EXERCISE >>
Exact copy, no pictures: return only the lines below from the line with "In this demonstration, I'll" up to and including the line with "Assalamualaikum everyone. Yes, I'm".

EXCERPTED RECORDS >>
########

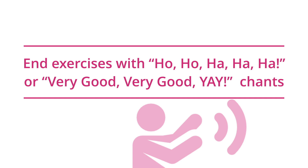Ending exercises at the same time is just as important. Use one of the transitionary chants to end the laughter exercise. As a best practice, diversify the use of your transitionary chants.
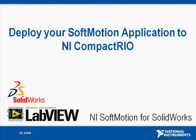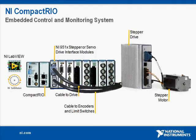In this demonstration, I'll show you how to take your motion control application from digital prototype to physical machine by deploying it to NI Compact Rio. National Instruments Compact Rio is a low-cost, reconfigurable control and monitoring system designed for applications that require high performance and reliability.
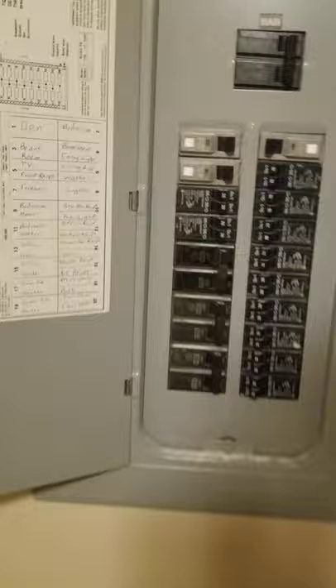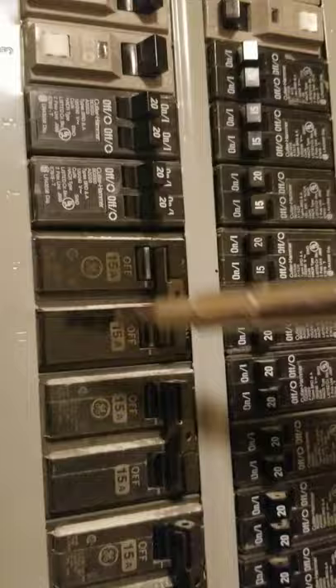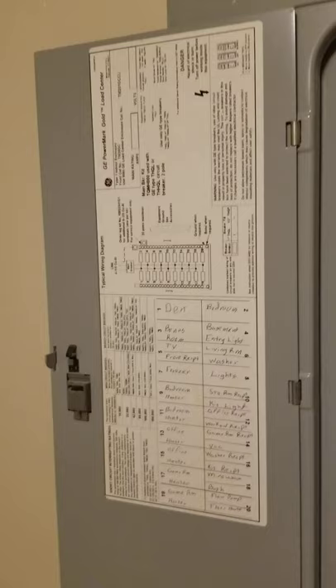So this is a GE — a General Electric panel — and in here we've got some GE breakers right here, and then we've got a bunch of Cutler Hammer breakers over here. None of them seem to be loose or anything like that, but going back to the panel label...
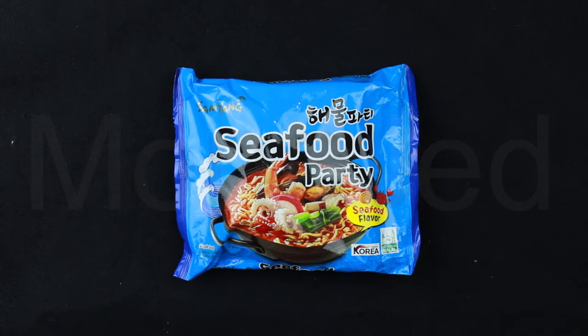Assalamualaikum everyone. Yes, I'm back with a new video. In today's video, I'm going to be trying a new Samyang ramen flavor. Today's Samyang ramen flavor is Seafood Party seafood flavor from Samyang.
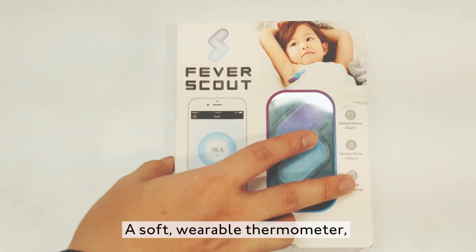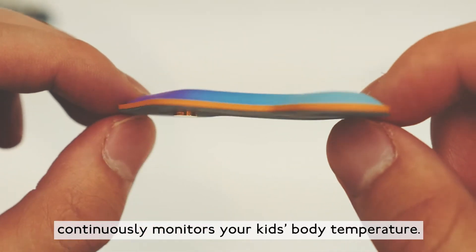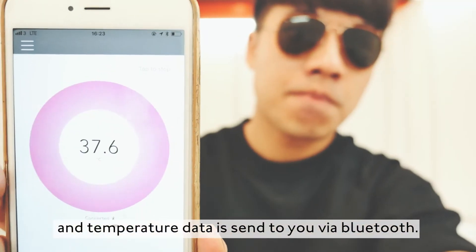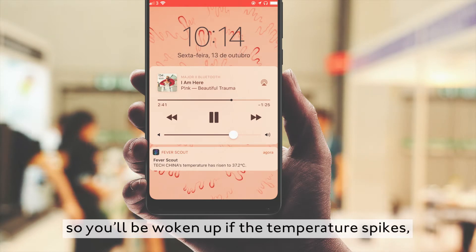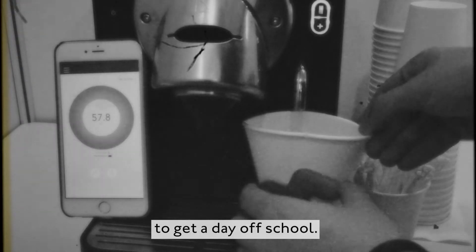A soft wearable thermometer continuously monitors your kid's body temperature. Stick it in your child's armpit and temperature data is sent to you via Bluetooth. Turn on the alert so you'll be woken up if the temperature spikes — or if your kid stuck the patch on a cup of coffee to get a day off school.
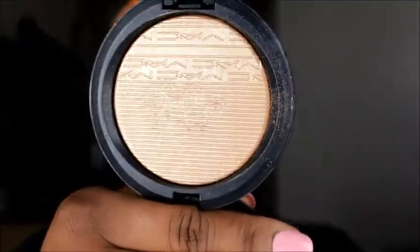My favorite MAC product I want to talk about is their Extra Dimension Blush in the color Hard to Get — it's the blush that has the metallic in it. The only reason I'm not wearing it today is because it doesn't go with what I'm wearing. My other favorite is the Extra Dimension Skin Finish highlighter called Oh Darling. I wore this in the MAC store, fell in love, and wear it pretty much almost every day.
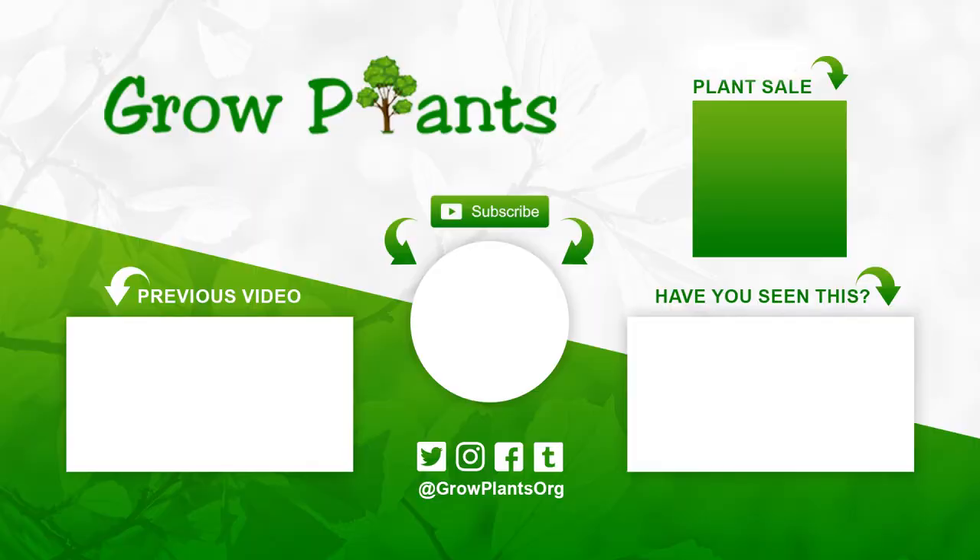That's all from growplants.org. Don't forget to subscribe and visit our website. If you have any questions, just ask. There are links here for more videos, some lists, subscribe, and of course, purchase a plant — which is a donation for our channel. I hope you enjoyed, and come visit us again.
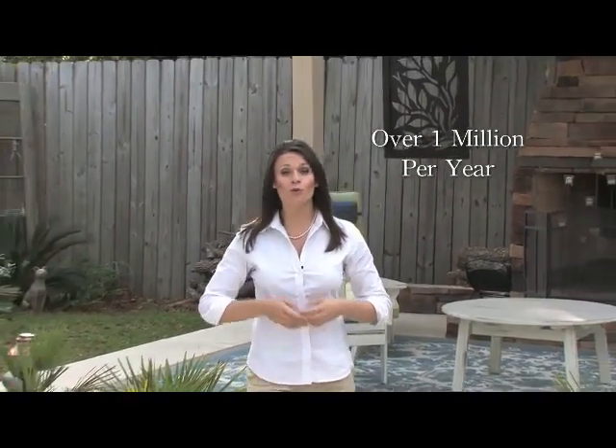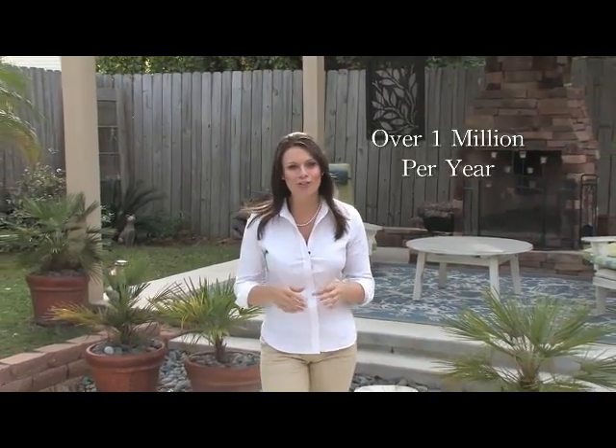At the end of the day, you want to come home and relax. But what good is your yard if you're being run out by mosquitoes? According to National Geographic, mosquitoes are responsible for more human deaths than any other living creature.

########

EXERCISE ANSWER >>
In this demonstration, I'll show you how to take your motion control application from digital prototype to physical machine by deploying it to NI Compact Rio. National Instruments Compact Rio is a low-cost, reconfigurable control and monitoring system designed for applications that require high performance and reliability.
So this is a GE — a General Electric panel — and in here we've got some GE breakers right here, and then we've got a bunch of Cutler Hammer breakers over here. None of them seem to be loose or anything like that, but going back to the panel label...
Assalamualaikum everyone. Yes, I'm back with a new video. In today's video, I'm going to be trying a new Samyang ramen flavor. Today's Samyang ramen flavor is Seafood Party seafood flavor from Samyang.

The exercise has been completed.